Особенно обидело Ньютона то, что Гук назвал гипотезой его теории, построенные, как он считал, в строгом соответствии с провозглашёнными им принципами. Дискуссия длится несколько лет, до 1676 года. В пылу обиды Ньютон клянётся никогда при жизни Гука не печатать никаких работ по оптике. Это не было пустым обещанием. Гук умер в 1703 году, и лишь в 1704-м по настоянию друзей Ньютон выпускает свой большой труд «Оптика, или Трактат об отражениях, преломлениях, изгибаниях и цветах света». При жизни Ньютона вышли три английских издания и один латинский перевод этой книги.
Именно этот перевод стал достоянием научного мира, ибо тогда латынь была языком науки, а английским за пределами «Островов» не владел почти никто.
Гении обидчивы ничуть не меньше обыкновенных людей. Но гении, наверно, более упорны – жизнь Ньютона подтверждает это. Он перестал спорить с Гуком, которого не уважал и считал научным вором. Он больше не хотел публичных споров с Гуком, но работать над проблемой света не переставал…
… Другие противники корпускулярной теории света были людьми иного плана.
Франческо Гримальди, необычайно трудолюбивый человек и талантливый учёный, был иезуитом и профессором математики в Болонье. Он доверял лишь фактам,
а не авторитетам. А иезуитский орден требовал безусловного подчинения высшим духовным авторитетам. Может быть, поэтому замечательный труд Гримальди «Физико-математический трактат о свете, цветах и радуге» был опубликован лишь после смерти автора. Но многие его коллеги по науке были наслышаны об удивительном явлении, которое наблюдал математик-иезуит на стене в своей комнате, затемнённой ставнем.
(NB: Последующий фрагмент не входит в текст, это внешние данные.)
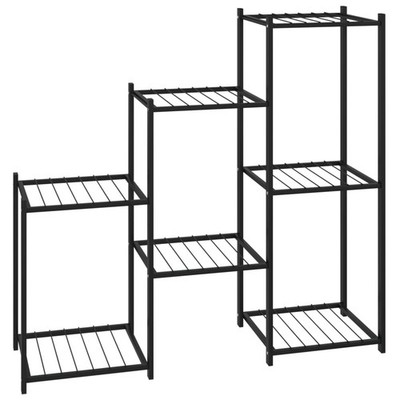 Flower Stand Outdoor Patio Multiple Storage Display Rack Black Iron vidaXL
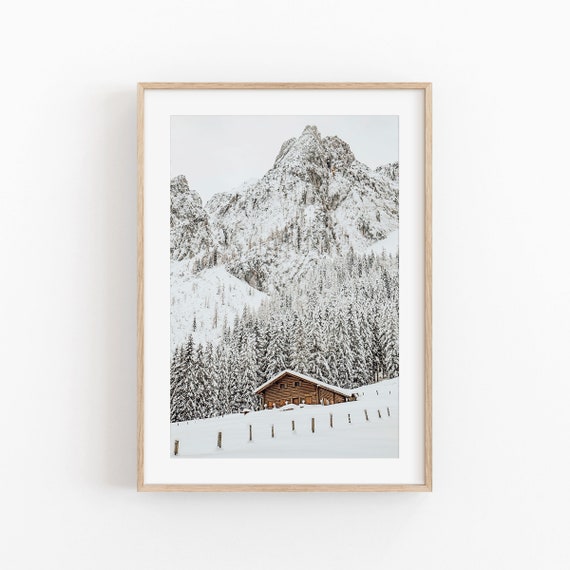 Winter White Forest Snowy Trees Christmas Art Print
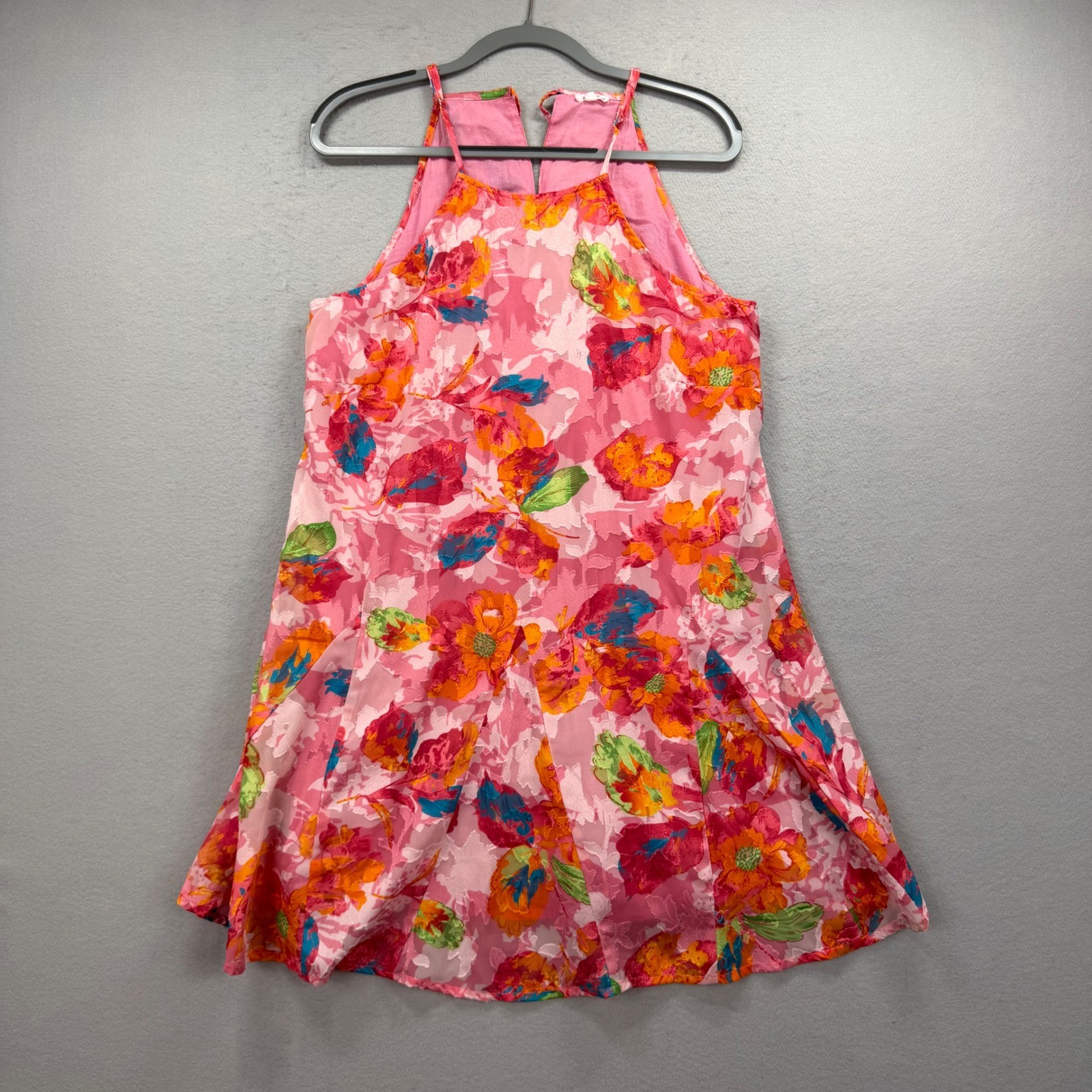 En Creme Floral Halter Dress Womens Medium Pink Orange Tassel Boho Beachy Mini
В ставне он проделывал малое отверстие, впускал в комнату луч света и на его пути ставил то непрозрачный стержень, то нить, то птичье перо, а то и просто кусок ткани. То, что получалось на стене, поражало своей непредвиденностью. Какой бы предмет ни ставил исследователь на пути света, тень от него на стене была не там, где полагалось быть его геометрической проекции, а смещалась в сторону. Более того, силуэт предмета был очерчен цветными полосами – синими со стороны тени, красными со стороны света! Гримальди наблюдал до двух-трех групп таких цветных полос, бледнеющих в сторону тени…
Впоследствии Гримальди назвал отклонение лучей света вблизи препятствий дифракцией. Но пока он ничего не понимал.
Он убирал с пути лучей палки и перья и снова глядел на стену: луч света рисовал систему концентрических колец. Светлые кольца чередовались с тёмными… Гримальди проделывал в ставне второе отверстие, близкое к первому. Картина менялась: на стене возникали две пересекающиеся системы колец. Причём там, где пересекались светлые кольца, образовывались тёмные места. Свет, шедший из одного отверстия, гасил свет, исходящий из другого…
Гримальди описал это удивительное явление такими словами: «Освещённое тело может сделаться темнее, если к получаемому им свету прибавить новое количество света». Несомненно, Гримальди первым наблюдал и зафиксировал явление интерференции. Но он не комментирует свои открытия. Возможно, он не хочет конфликтовать с авторитетами. Он лишь указывает на внешнюю аналогию с волнами, возбуждаемыми на поверхности воды. Впрочем, о природе цвета он высказывается вполне опредёленно, считая, что различия цветов должны объясняться различной скоростью колебания светоносного вещества.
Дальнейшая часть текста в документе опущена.